[PATCH 1/2] drm/xe/ct: prevent UAF in send_recv()

Tue Oct 1 06:48:40 UTC 2024

On 01/10/2024 06:22, Nilawar, Badal wrote:
> Hi Matthew,
> 
> On 30-09-2024 17:59, Matthew Auld wrote:
>> Ensure we serialize with completion side to prevent UAF with fence going
>> out of scope on the stack, since we have no clue if it will fire after
>> the timeout before we can erase from the xa. Also we have some dependent
>> loads and stores for which we need the correct ordering, and we lack the
>> needed barriers. Fix this by grabbing the ct->lock after the wait, which
>> is also held by the completion side.
>>
>> Fixes: dd08ebf6c352 ("drm/xe: Introduce a new DRM driver for Intel GPUs")
>> Signed-off-by: Matthew Auld <matthew.auld at intel.com>
>> Cc: Matthew Brost <matthew.brost at intel.com>
>> Cc: Badal Nilawar <badal.nilawar at intel.com>
>> Cc: <stable at vger.kernel.org> # v6.8+
>> ---
>>   drivers/gpu/drm/xe/xe_guc_ct.c | 17 ++++++++++++++++-
>>   1 file changed, 16 insertions(+), 1 deletion(-)
>>
>> diff --git a/drivers/gpu/drm/xe/xe_guc_ct.c 
>> b/drivers/gpu/drm/xe/xe_guc_ct.c
>> index 4b95f75b1546..232eb69bd8e4 100644
>> --- a/drivers/gpu/drm/xe/xe_guc_ct.c
>> +++ b/drivers/gpu/drm/xe/xe_guc_ct.c
>> @@ -903,16 +903,26 @@ static int guc_ct_send_recv(struct xe_guc_ct 
>> *ct, const u32 *action, u32 len,
>>       }
>>       ret = wait_event_timeout(ct->g2h_fence_wq, g2h_fence.done, HZ);
>> +
>> +    /*
>> +     * Ensure we serialize with completion side to prevent UAF with 
>> fence going out of scope on
>> +     * the stack, since we have no clue if it will fire after the 
>> timeout before we can erase
>> +     * from the xa.
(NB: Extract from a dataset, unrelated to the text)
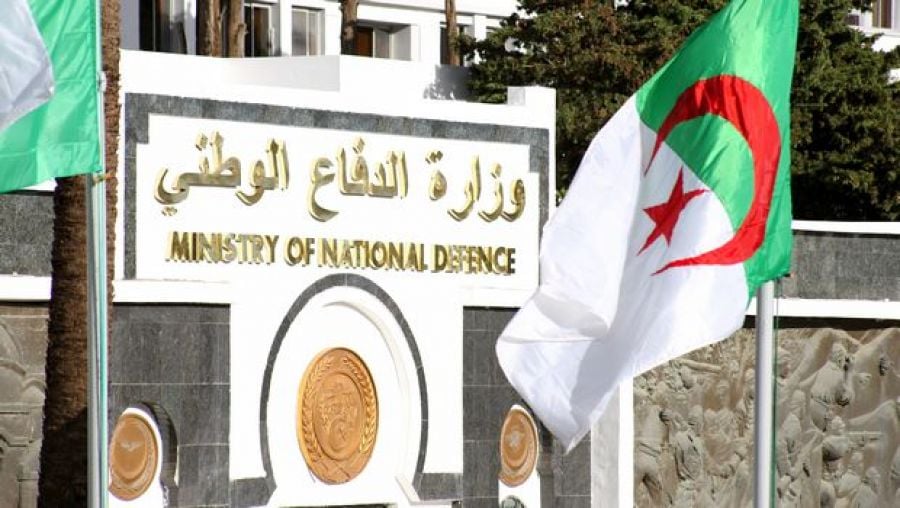 وزارة الدفاع: القضاء على ثلاث ارهابيين ..وتوقيف 53 تاجر مخدرات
Also we have some dependent loads and stores 
>> below for which we need the
>> +     * correct ordering, and we lack the needed barriers.
>> +     */
> 
> Before acquiring lock it is still possible that fence will be fired. To 
> know it it would be good to print g2h_fence.done in error message below.

Ok, will add.

> 
> Regards,
> Badal
> 
>> +    mutex_lock(&ct->lock);
>>       if (!ret) {
>>           xe_gt_err(gt, "Timed out wait for G2H, fence %u, action %04x",
>>                 g2h_fence.seqno, action[0]);
>>           xa_erase_irq(&ct->fence_lookup, g2h_fence.seqno);
>> +        mutex_unlock(&ct->lock);
>>           return -ETIME;
>>       }
>>       if (g2h_fence.retry) {
>>           xe_gt_dbg(gt, "H2G action %#x retrying: reason %#x\n",
>>                 action[0], g2h_fence.reason);
>> +        mutex_unlock(&ct->lock);
>>           goto retry;
>>       }
>>       if (g2h_fence.fail) {
>> @@ -921,7 +931,12 @@ static int guc_ct_send_recv(struct xe_guc_ct *ct, 
>> const u32 *action, u32 len,
>>           ret = -EIO;
>>       }
>> -    return ret > 0 ? response_buffer ? g2h_fence.response_len : 
>> g2h_fence.response_data : ret;
>> +    if (ret > 0)
>> +        ret = response_buffer ? g2h_fence.response_len : 
>> g2h_fence.response_data;
>> +
>> +    mutex_unlock(&ct->lock);
>> +
>> +    return ret;
>>   }
>>   /**
>